AI Article Synopsis

  • The study focuses on patients with limited ophthalmic Wegener granulomatosis (WG), examining their clinical symptoms and biopsy results.
  • Thirteen patients exhibited eye-related inflammation but did not show significant lung or kidney issues; some had sinus involvement.
  • Histopathological findings, including specific granulomas and immune cell presence, along with positive ANCA tests, support the diagnosis of limited ophthalmic WG despite minimal systemic disease.

Article Abstract

Purpose: To describe the clinical and histopathologic finding of very limited ophthalmic Wegener granulomatosis (WG).

Methods: Thirteen patients with scleritis, orbitopathy, episcleritis, and panuveitis were studied.
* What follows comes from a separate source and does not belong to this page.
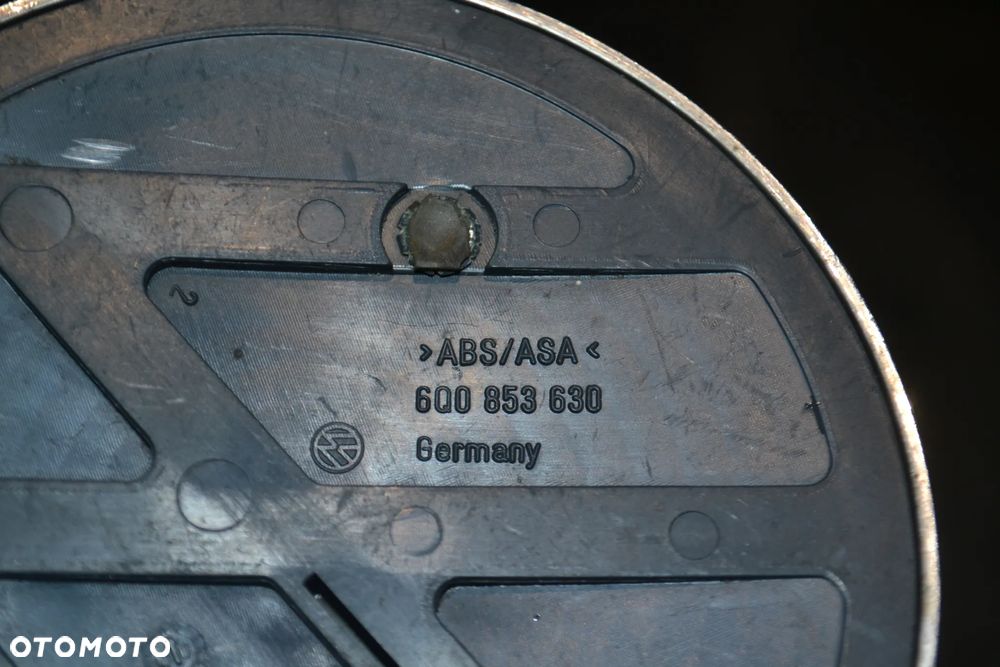 VW POLO 9N EMBLEMAT LOGO ZNACZEK KLAPY BAGAŻNIKA 6Q0853630 - 2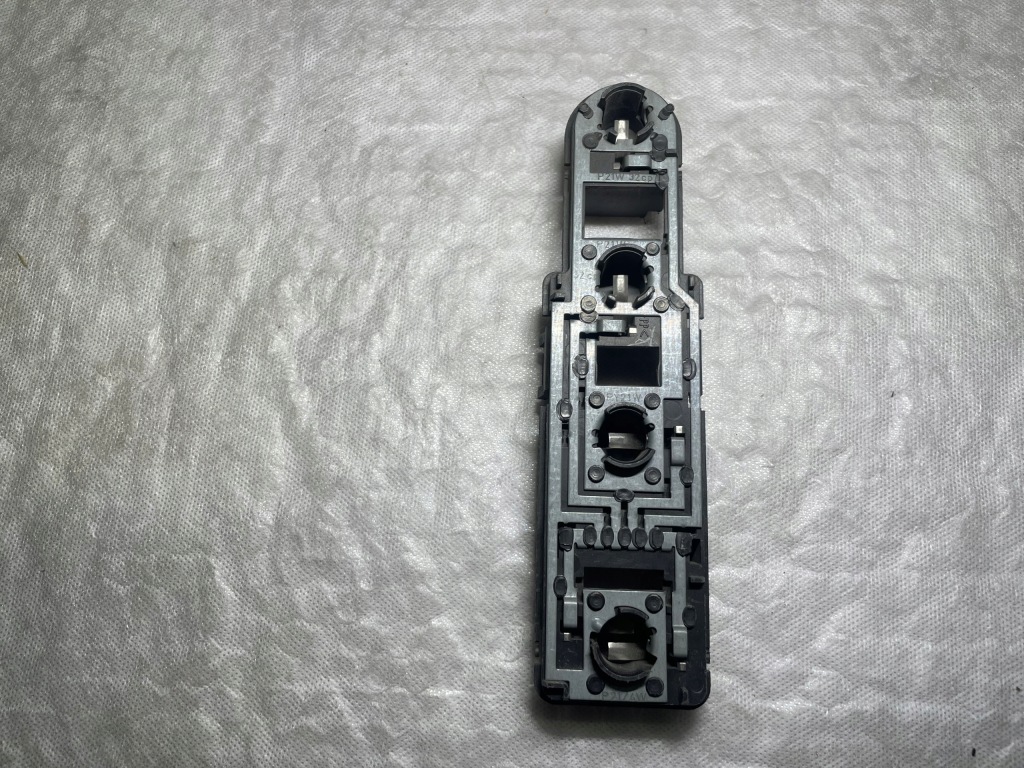 фото №1, Оригінальний вкладиш лампи mercedes a w168 правий задня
They presented without evidence of lung or kidney disease, though eight had sinus involvement. We reviewed the biopsies for histopathologic findings consistent with WG, and tested for antineutrophil cytoplasmic antibodies antineutrophil cytoplasmic antibody (ANCA).

Results: WG was suggested by granulomatous foci, collagen necrosis, neutrophils/nuclear dust, plasma cells and infiltrating eosinophils. Granular degeneration of the interstitial collagen; mummification of the collagen with disappearance of fibroblastic nuclei; and a polymorphous infiltrate exhibiting plasma cells, lymphocytes, neutrophils, and eosinophils within the epithelioid granulomas should suggest the diagnosis. ANCA test results supported the diagnosis of WG in all cases.

Conclusion: The described histologic characteristics are highly suggestive of WG. These findings along with clinical or laboratory findings, allow the diagnosis of very limited ophthalmic WG in the absence of systemic involvement.